Turn heads with quality spin
The Chartered Institute of Public Relations reported that its education committee has swelled by a third in three years, representing a rapid growth in school PR.
"Traditionally, it's been something only private schools and universities were interested in. But now we're seeing more and more state schools," said Emma Leech, head of the institute's education committee.
Heightened competition for pupils, the associated scramble for funding, and a growing appetite for funding buildings through corporate sponsorship, have all added to schools' burgeoning interest in image.
Ms Leech said: "It's linked to the whole idea of pupils as consumers.
League tables are more important, people expect more information and parents have more choice." The advantages are numerous: attracting pupils, high calibre staff and business sponsors, as well as combating negative coverage.
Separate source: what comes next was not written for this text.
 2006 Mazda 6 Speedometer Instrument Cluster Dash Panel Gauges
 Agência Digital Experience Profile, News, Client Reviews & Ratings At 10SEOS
Dean Blake, who works for John Cabot technology college in Bristol, estimates that he generated pound;30,000 of free publicity for his school in his first 18 months on the job, as well as helping to turn around the reputation of nearby Hartcliffe engineering college.
He works there on a freelance basis. He said: "It's about getting good stories out there. We have very good contacts with the local press and we drip feed stories."
At a time when around 80 per cent of school funding depends on pupil numbers, it's easy to see why headteachers turn to the professionals, according to Mick Brookes, general secretary of the National Association of Head Teachers.
But he is keen that the increasing reliance on PR does not give wealthy schools an unfair advantage.
"It's all very well if you can afford it. But what about the rest?" he said.
Enhance your appeal
Employ somebody in the role who is always contactable. This person should be prepared to give their mobile number to journalists.
If you promise you are going to do something, do it. Don't make promises you can't keep.
Target your local free paper. It goes to every house.
Keep your press releases short, concise and interesting - it's the only way to get stories published.